The MPC was unanimous in keeping the bank’s key interest rate at 0.50 percent, according the November 7-8 meeting minutes, which also cautioned that lower rates would hit banking sector profitability and reduce overall lending.
Lone policymaker David Miles had called for an additional £25 billion for the asset purchasing programme, arguing that it would further boost economic growth without stoking inflation.
However, other MPC members wanted more time to assess the impact of QE and added that more stimulus cash would not necessarily prompt improved credit flows in the economy.
Under quantitative easing, the Bank of England creates cash that is used to purchase assets such as government and corporate bonds with the aim of boosting lending and in turn economic activity.
“Most members agreed that maintaining the size of the committee’s asset purchase programme at this meeting was appropriate,” the minutes read.
“It was possible that a greater demand stimulus could encourage a recovery in growth, and potentially moderate a lasting deterioration in the economy’s supply capacity.

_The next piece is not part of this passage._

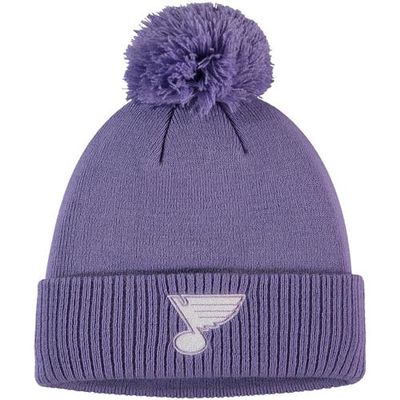 Men's adidas Purple St. Louis Blues 2022 Hockey Fights Cancer Cuffed Knit Hat with Pom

“But, so far at least, the signs of supply destruction had been limited.”
The Bank of England voted against injecting more QE cash following news that Britain escaped from recession in the third quarter.
The radical QE policy, launched in March 2009, is now effectively on pause after the most recent £50-billion tranche of new money was pumped out.
British gross domestic product (GDP) rallied by 1.0 percent in the third quarter, or three months to September, after three quarters of contraction, recent official data showed.
However, the BoE last week warned that the economy would shrink again in the fourth quarter in the absence of temporary factors like the London Olympic Games.
It also slashed its forecast for British economic expansion and predicted low growth for the next three years owing to the combined impact of the eurozone crisis, tight credit conditions and inflationary pressures.
The BoE predicted that the economy would grow by 1.0 percent in 2013. That compared with the previous forecast of around 2.0 percent.